[Stored data]
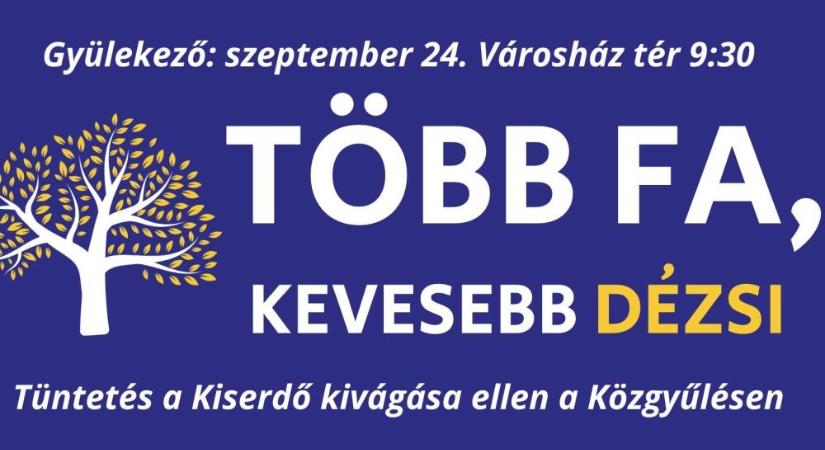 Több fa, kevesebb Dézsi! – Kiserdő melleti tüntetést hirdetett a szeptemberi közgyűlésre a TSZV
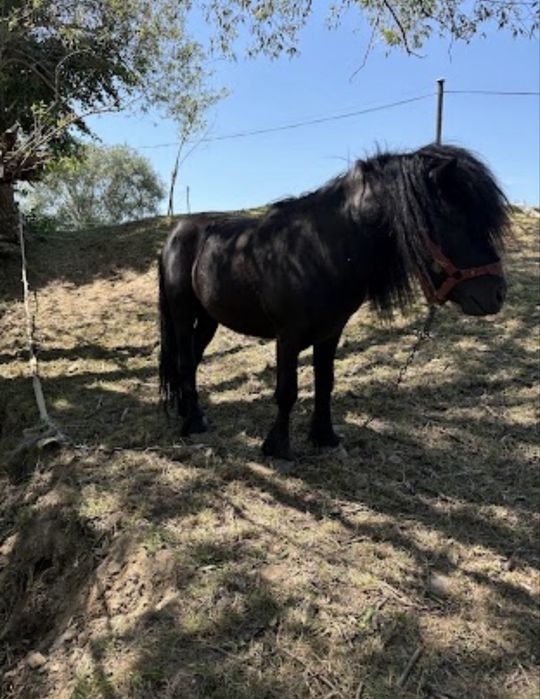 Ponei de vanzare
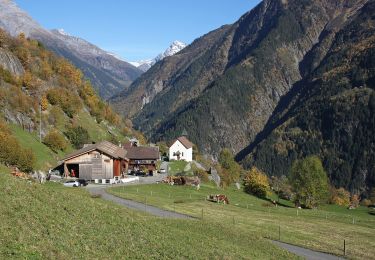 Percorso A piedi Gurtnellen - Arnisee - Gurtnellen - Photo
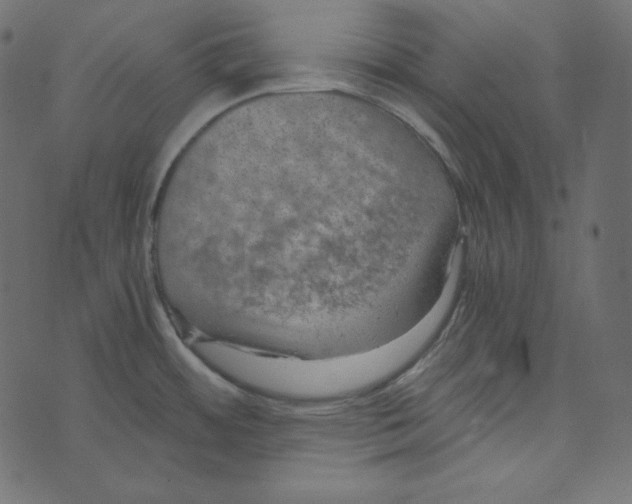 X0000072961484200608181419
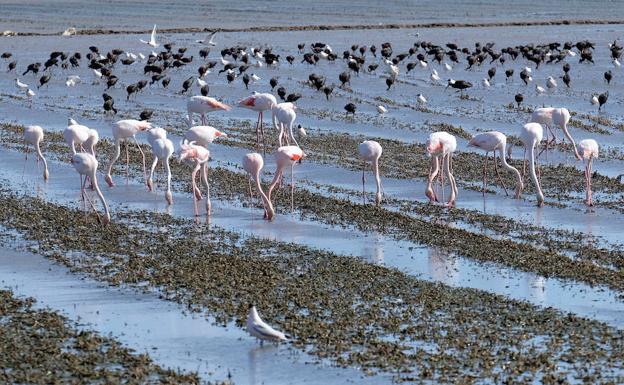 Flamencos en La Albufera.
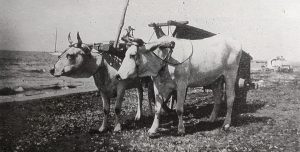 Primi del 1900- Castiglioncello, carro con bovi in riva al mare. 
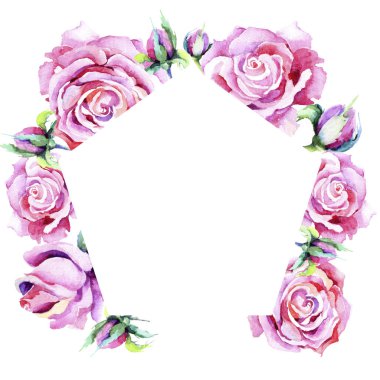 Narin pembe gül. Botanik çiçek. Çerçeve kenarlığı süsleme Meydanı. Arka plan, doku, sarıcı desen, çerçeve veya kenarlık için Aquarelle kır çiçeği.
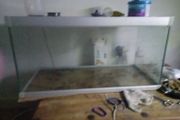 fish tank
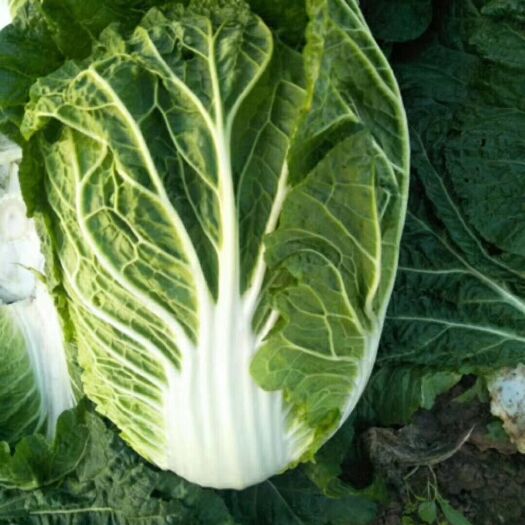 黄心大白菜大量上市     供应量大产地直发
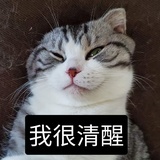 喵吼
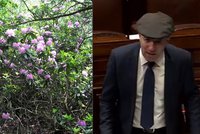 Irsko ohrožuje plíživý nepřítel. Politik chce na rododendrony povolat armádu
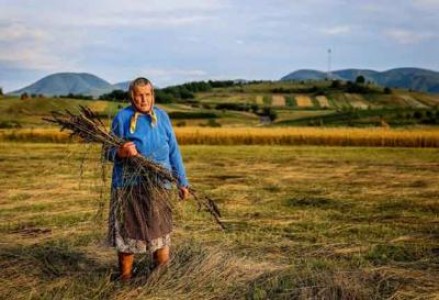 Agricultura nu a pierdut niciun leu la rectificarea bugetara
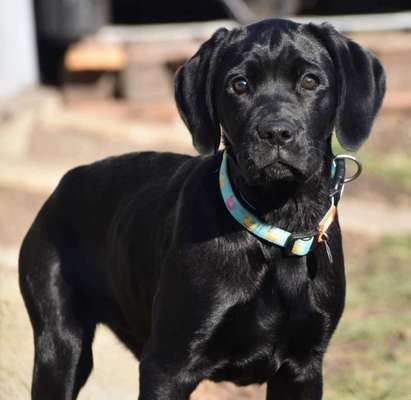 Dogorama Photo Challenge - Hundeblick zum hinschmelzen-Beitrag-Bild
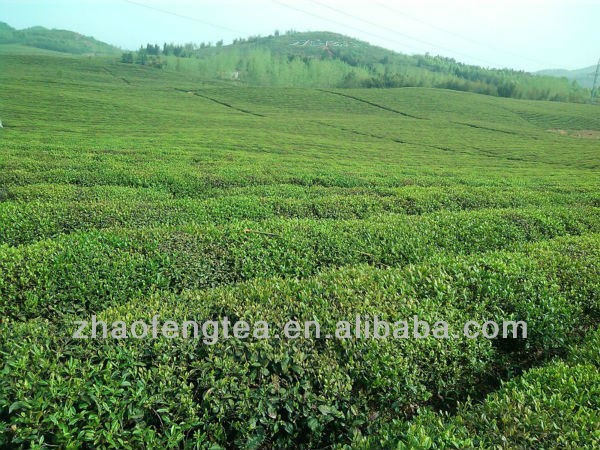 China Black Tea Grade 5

---

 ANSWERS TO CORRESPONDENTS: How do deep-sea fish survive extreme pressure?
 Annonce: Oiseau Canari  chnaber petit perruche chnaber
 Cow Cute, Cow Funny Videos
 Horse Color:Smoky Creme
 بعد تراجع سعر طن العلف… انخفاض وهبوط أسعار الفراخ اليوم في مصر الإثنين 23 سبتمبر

## Work instructions
Pictures excluded, reproduce only the part above that opens with the line holding "Dogorama Photo Challenge" and closes with the line holding "China Black Tea Grade 5", exactly as written.

## Response area
 Dogorama Photo Challenge - Hundeblick zum hinschmelzen-Beitrag-Bild
 China Black Tea Grade 5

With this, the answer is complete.